The thorny mess of election reform, ironically, seems to inflame voters less than questions of personal health or economic security. "If election reform doesn't pass in time to affect 2004," says Tolchin, "the vast majority of the public will just scratch their heads and move on. There's just no critical mass pushing for election reform."
Perhaps that's because most voters don't know the breadth of the system's failure. According to a study by the Massachusetts Institute of Technology, between four and six million votes were lost on November 7, 2000, out of roughly 100 million cast. Many belonged to Florida voters, but people in other states, including Georgia, Illinois, Idaho and New York were also cheated out of representation. Most of the lost votes, according to researchers, are attributable to broken voting machines, poorly informed polling place volunteers and denial of access to polls.
Federal lawmakers can't seem to make anything happen, so why don't the states step up to the plate?
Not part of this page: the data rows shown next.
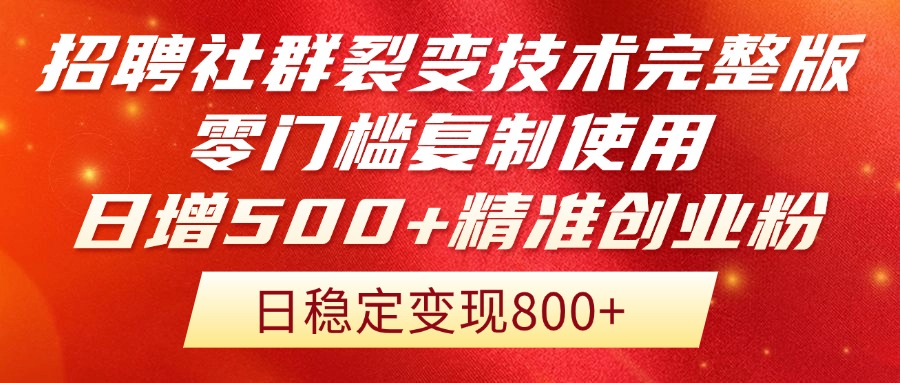 招聘社群裂变技术完整版流出！零门槛复制使用，日增500+精准创业流量每…-七七项目网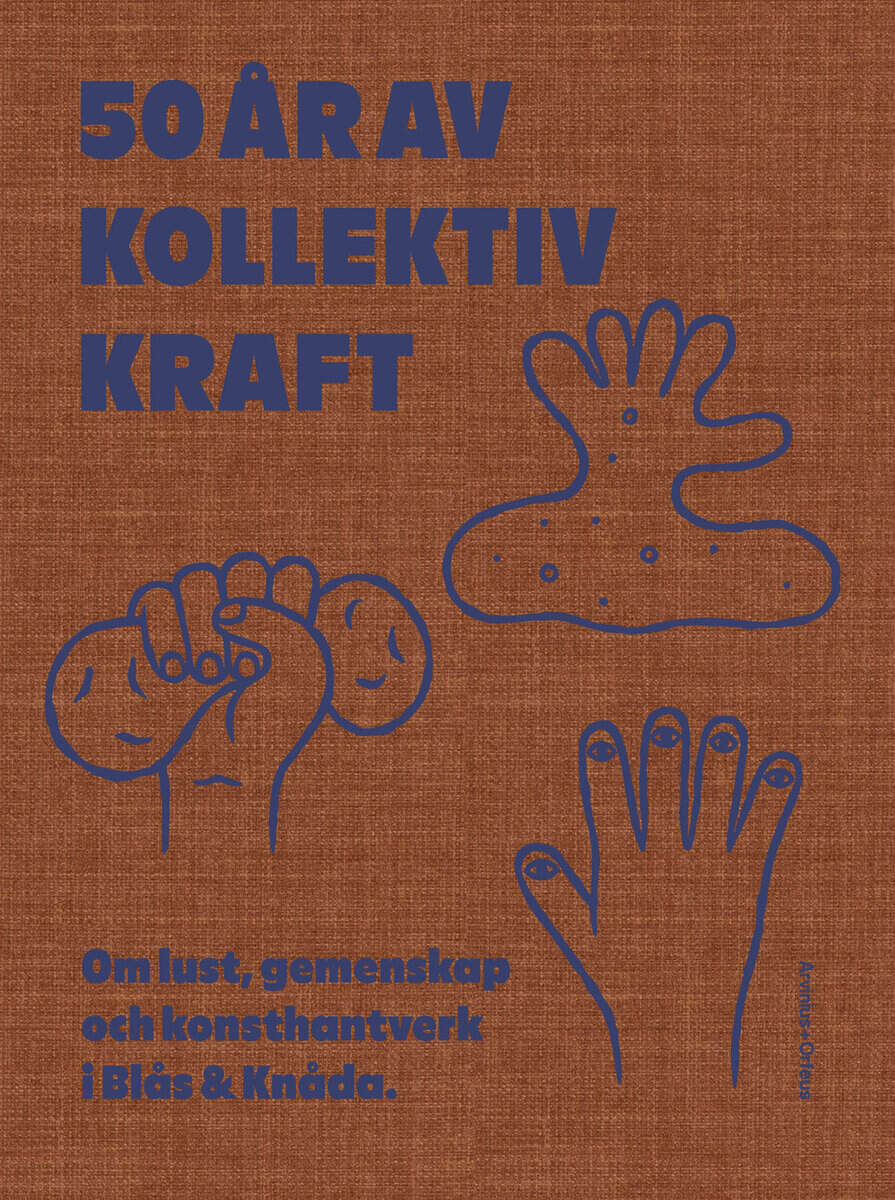 Helgeson, Susanne ; Wickman, Kerstin ; Jönsson, Love ; Mlasowsky, Anna : 50 år av kollektiv kraft : om lust, gemenskap och konsthantverk i Blås & Knåda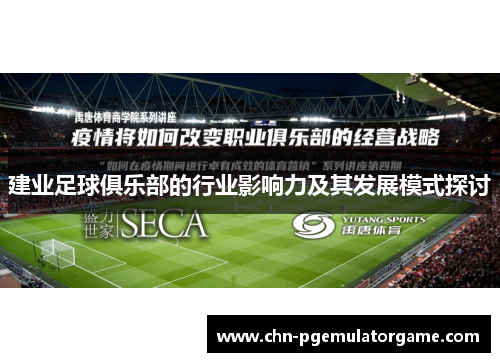 建业足球俱乐部的行业影响力及其发展模式探讨
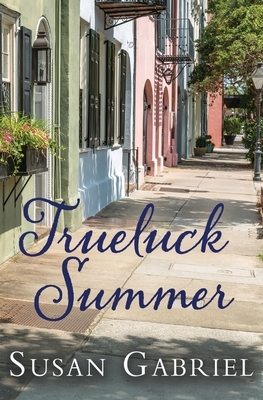Trueluck Summer: Southern Historical Fiction (A Lowcountry Novel) by Susan Gabriel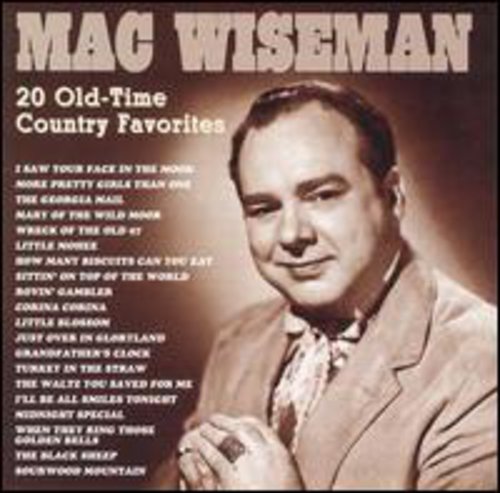 the album cover for Mac Wiseman - 20 All-Time Favorites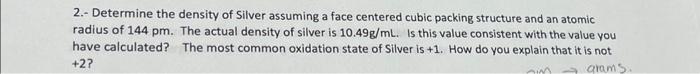 Determine the density of Silver assuming a face | Chegg.com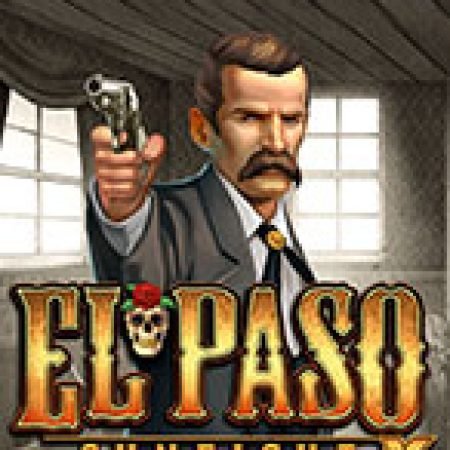 Khám Phá Đấu Súng – xNudge – El Paso Gunfight xNudge Slot: Từ Lịch Sử Đến Cách Thức Chơi Đỉnh Cao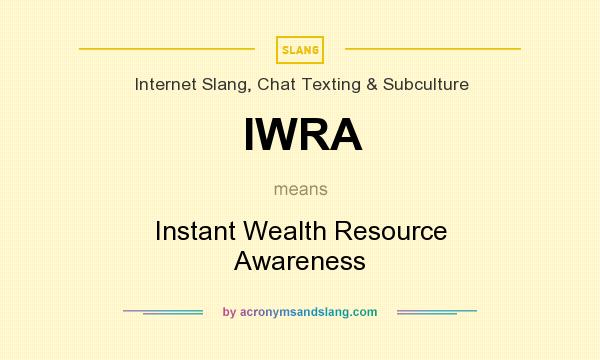 What does IWRA mean? It stands for Instant Wealth Resource Awareness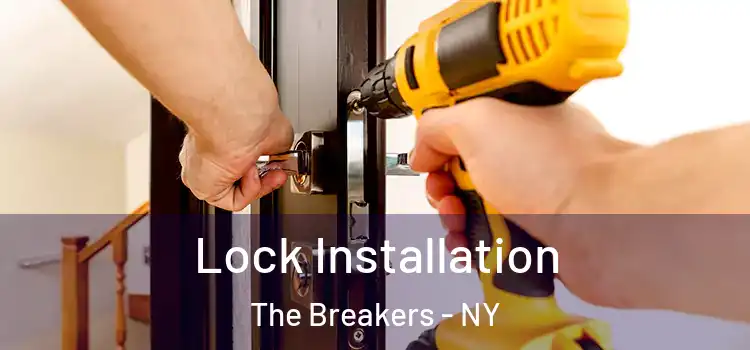  Lock Installation The Breakers - NY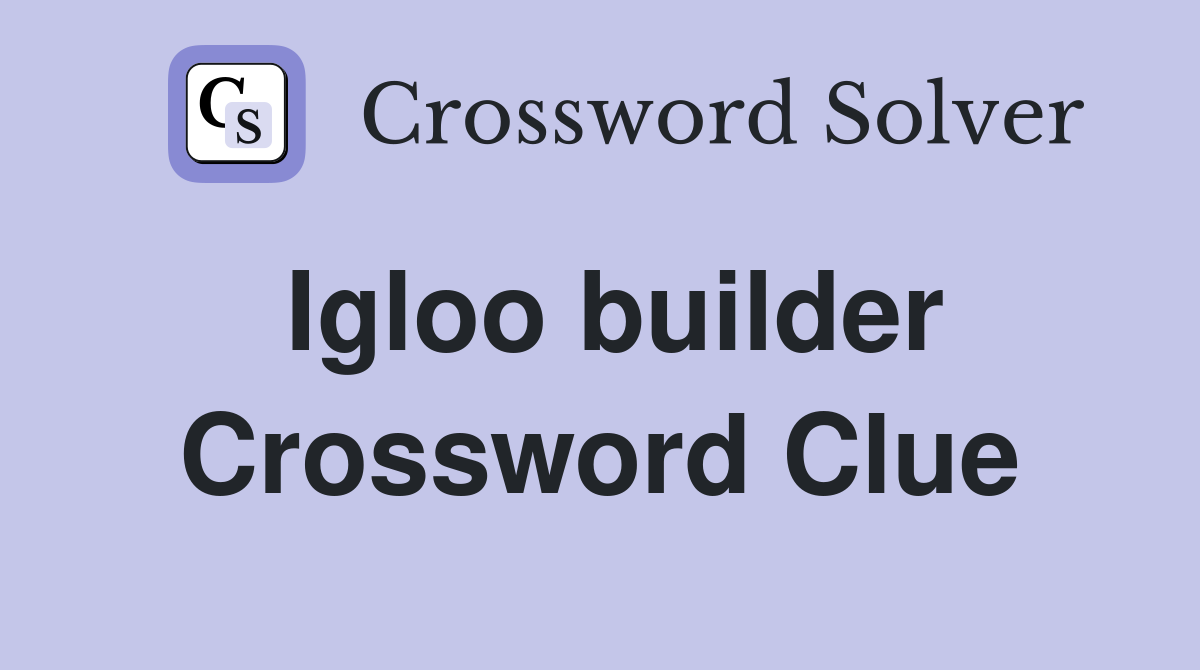 Igloo builder Crossword Clue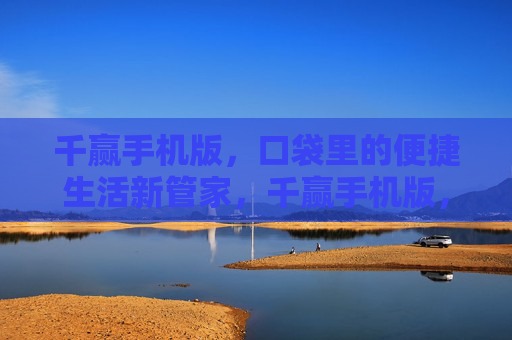 千赢手机版,口袋里的便捷生活新管家,千赢手机版,口袋里的便捷生活新管家 千赢手机版,口袋里的便捷生活新管家,千赢手机版,口袋里的便捷生活新管家
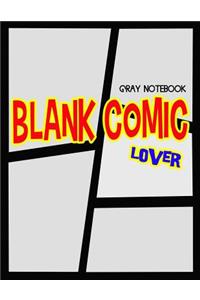 Blank Comic Lover: gray notebook: Street Art comic, Graffiti note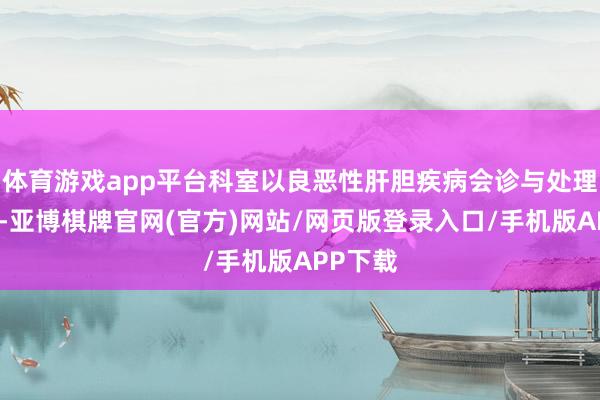 体育游戏app平台科室以良恶性肝胆疾病会诊与处理为性情-亚博棋牌官网(官方)网站/网页版登录入口/手机版APP下载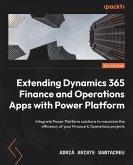 Extending Dynamics 365 Finance and Operations Apps with Power Platform (eBook, ePUB)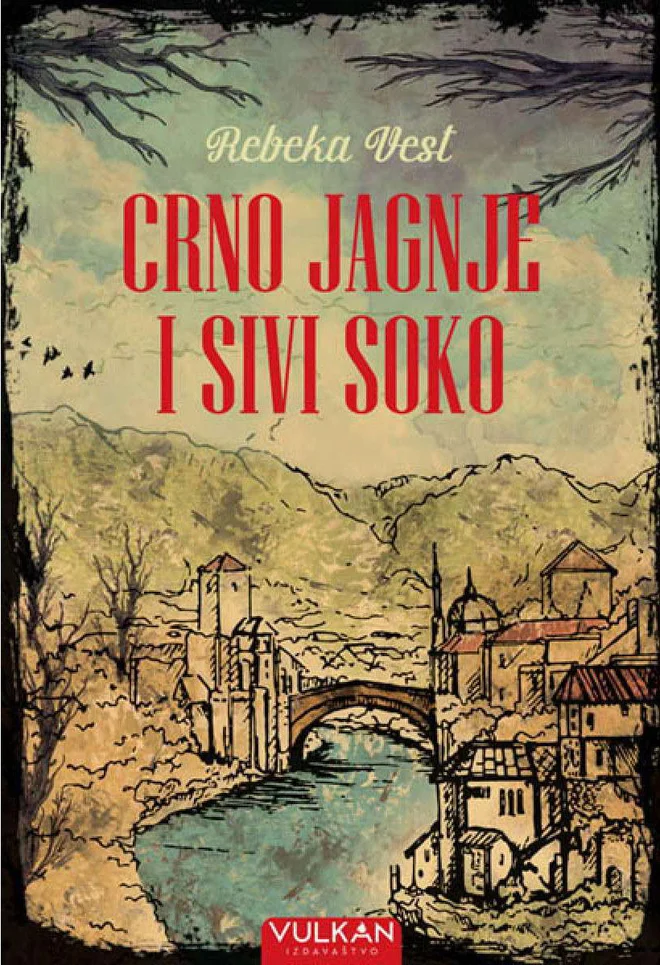 Črno jagnje in sivi sokol bi se glasil naslov v slovenščini. FOTO: Aleš Nosan
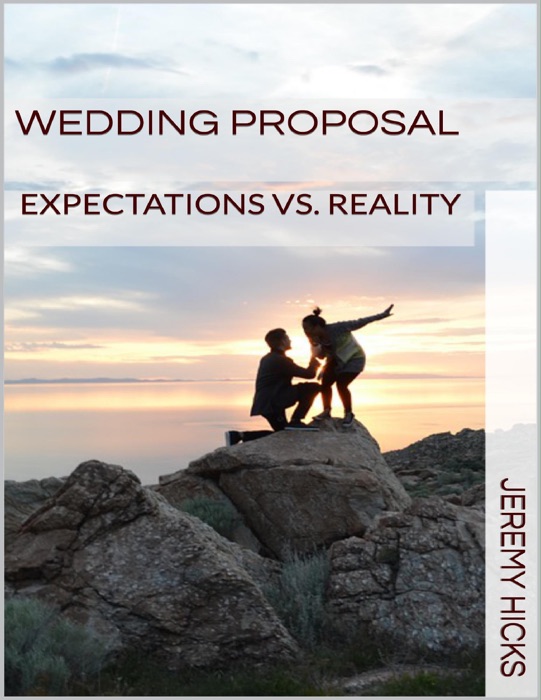 Wedding Proposal: Expectations Vs. Reality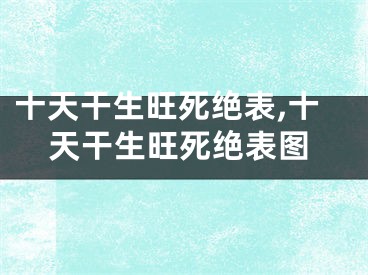 十天干生旺死绝表,十天干生旺死绝表图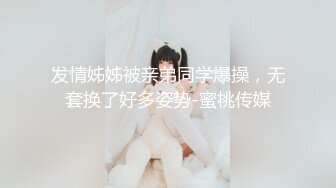 发情姊姊被亲弟同学爆操，无套换了好多姿势-蜜桃传媒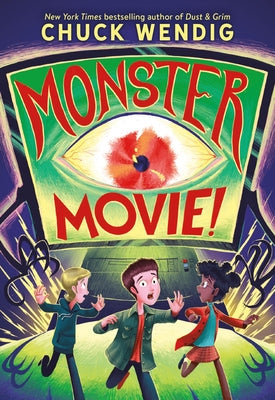Monster Movie! -- Chuck Wendig, Hardcover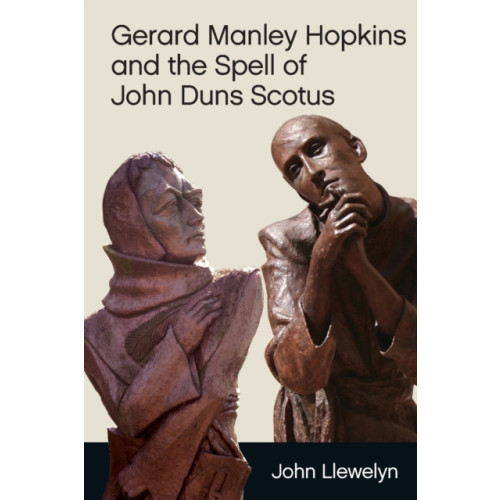 Edinburgh university press Gerard Manley Hopkins and the Spell of John Duns Scotus (häftad, eng)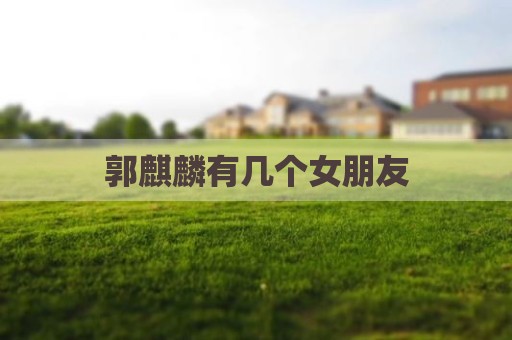 郭麒麟有几个女朋友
They're trying, in states like Maryland, Georgia and the beleaguered Florida, implementing changes piecemeal, but they simply don't have the funding for the sweeping overhaul most voting experts agree is necessary. Only a federal bill can give them what they need.
Last week's gubernatorial fiasco in Florida may have been a blessing in disguise for proponents of election reform. The state's latest voting glitches, which left the results of the Democratic primary for governor up in the air for days, refocused lawmakers and the public on the system's inherent problems and the dire need for corrections and an influx of cash.
"What we saw in Florida during the gubernatorial primary puts more pressure on Congress to act," says Thurber.
Even in the worst-case scenario, there is a glimmer of hope, adds Thurber. If Congress doesn't move in time to approve legislation before heading home in October, they could return after the November elections for a somewhat unusual lame-duck session, bringing back all current members of Congress, including those just ousted, for a last stab at passing the bill.